> _Data to examine_:
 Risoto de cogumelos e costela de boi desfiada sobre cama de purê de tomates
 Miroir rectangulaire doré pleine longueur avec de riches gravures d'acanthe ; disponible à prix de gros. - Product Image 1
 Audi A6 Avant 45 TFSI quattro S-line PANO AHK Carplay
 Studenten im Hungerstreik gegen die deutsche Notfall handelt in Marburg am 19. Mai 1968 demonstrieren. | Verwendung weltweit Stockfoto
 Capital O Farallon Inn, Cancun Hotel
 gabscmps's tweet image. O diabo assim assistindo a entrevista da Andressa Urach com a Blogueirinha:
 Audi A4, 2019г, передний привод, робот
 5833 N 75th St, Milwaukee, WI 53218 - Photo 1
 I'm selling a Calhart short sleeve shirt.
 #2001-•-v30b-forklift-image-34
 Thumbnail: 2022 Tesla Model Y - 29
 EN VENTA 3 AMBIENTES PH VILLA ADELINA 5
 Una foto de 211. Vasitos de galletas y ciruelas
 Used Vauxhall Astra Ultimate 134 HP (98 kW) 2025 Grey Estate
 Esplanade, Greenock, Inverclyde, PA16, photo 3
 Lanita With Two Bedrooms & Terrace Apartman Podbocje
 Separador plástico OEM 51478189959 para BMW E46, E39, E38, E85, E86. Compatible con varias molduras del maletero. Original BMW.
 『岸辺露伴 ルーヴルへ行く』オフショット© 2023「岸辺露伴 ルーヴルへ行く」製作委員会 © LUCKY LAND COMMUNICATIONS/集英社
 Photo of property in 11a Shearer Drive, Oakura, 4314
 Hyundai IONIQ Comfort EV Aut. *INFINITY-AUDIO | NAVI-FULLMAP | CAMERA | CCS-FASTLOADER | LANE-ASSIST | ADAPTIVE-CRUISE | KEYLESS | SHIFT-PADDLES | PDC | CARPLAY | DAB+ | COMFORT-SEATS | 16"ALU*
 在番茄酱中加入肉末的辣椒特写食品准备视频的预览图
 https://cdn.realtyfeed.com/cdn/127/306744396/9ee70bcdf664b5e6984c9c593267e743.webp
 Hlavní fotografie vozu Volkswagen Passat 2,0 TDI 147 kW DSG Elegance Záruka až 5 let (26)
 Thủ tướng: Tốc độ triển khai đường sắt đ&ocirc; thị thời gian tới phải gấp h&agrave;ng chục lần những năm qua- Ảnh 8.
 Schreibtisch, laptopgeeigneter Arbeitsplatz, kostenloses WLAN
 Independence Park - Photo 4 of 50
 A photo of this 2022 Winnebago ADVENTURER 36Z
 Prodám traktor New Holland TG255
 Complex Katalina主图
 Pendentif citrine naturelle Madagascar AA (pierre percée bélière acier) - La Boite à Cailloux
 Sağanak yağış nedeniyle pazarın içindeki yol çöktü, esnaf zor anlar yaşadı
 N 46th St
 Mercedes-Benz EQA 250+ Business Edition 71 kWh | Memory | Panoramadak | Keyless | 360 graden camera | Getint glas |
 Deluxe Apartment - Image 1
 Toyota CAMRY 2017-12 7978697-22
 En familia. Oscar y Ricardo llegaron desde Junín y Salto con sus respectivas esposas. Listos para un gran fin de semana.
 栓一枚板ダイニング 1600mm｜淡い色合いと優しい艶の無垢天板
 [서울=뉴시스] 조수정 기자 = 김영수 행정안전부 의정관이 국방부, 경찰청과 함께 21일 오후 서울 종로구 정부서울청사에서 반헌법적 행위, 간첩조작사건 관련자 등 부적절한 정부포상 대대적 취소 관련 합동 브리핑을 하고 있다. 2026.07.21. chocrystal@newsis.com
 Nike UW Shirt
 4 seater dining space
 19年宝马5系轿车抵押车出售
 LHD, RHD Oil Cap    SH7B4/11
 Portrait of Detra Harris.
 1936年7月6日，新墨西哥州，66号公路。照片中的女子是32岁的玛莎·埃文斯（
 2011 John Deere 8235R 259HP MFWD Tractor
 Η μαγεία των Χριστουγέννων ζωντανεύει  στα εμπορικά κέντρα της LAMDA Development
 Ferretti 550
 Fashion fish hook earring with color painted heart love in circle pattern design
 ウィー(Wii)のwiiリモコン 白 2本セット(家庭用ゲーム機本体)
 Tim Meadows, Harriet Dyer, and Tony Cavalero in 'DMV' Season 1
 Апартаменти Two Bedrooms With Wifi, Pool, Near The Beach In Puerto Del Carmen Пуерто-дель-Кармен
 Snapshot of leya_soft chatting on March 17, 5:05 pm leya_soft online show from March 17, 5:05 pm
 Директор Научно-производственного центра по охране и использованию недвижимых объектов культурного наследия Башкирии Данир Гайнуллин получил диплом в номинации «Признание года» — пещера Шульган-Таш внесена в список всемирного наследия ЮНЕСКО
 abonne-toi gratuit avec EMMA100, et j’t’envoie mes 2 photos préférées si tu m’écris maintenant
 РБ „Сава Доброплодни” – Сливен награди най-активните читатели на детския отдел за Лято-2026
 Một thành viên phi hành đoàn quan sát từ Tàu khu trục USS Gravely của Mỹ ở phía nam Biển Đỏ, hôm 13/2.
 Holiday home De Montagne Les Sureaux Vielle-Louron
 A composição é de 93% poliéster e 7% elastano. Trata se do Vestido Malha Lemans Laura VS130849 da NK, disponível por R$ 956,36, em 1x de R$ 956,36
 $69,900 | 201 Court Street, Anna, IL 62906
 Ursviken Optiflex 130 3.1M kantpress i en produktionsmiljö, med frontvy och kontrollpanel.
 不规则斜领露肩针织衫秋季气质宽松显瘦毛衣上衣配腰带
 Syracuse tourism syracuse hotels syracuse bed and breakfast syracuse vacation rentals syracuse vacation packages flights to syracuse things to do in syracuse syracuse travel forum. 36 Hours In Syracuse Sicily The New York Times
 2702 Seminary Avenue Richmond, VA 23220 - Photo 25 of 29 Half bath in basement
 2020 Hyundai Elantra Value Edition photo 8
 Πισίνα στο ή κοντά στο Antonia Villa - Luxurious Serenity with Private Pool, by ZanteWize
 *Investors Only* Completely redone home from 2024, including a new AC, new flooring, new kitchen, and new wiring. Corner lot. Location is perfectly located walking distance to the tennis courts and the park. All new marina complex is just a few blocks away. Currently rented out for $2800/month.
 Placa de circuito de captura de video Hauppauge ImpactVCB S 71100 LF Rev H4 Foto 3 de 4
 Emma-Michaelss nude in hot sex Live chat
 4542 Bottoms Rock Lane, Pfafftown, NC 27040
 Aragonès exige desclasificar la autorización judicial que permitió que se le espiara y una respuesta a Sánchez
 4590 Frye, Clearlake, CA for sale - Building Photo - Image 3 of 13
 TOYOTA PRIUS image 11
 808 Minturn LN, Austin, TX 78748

> _Exercise goal_: Should a line in the material contain "Pool", copy it.

> _Task answer_:
 Апартаменти Two Bedrooms With Wifi, Pool, Near The Beach In Puerto Del Carmen Пуерто-дель-Кармен
 Πισίνα στο ή κοντά στο Antonia Villa - Luxurious Serenity with Private Pool, by ZanteWize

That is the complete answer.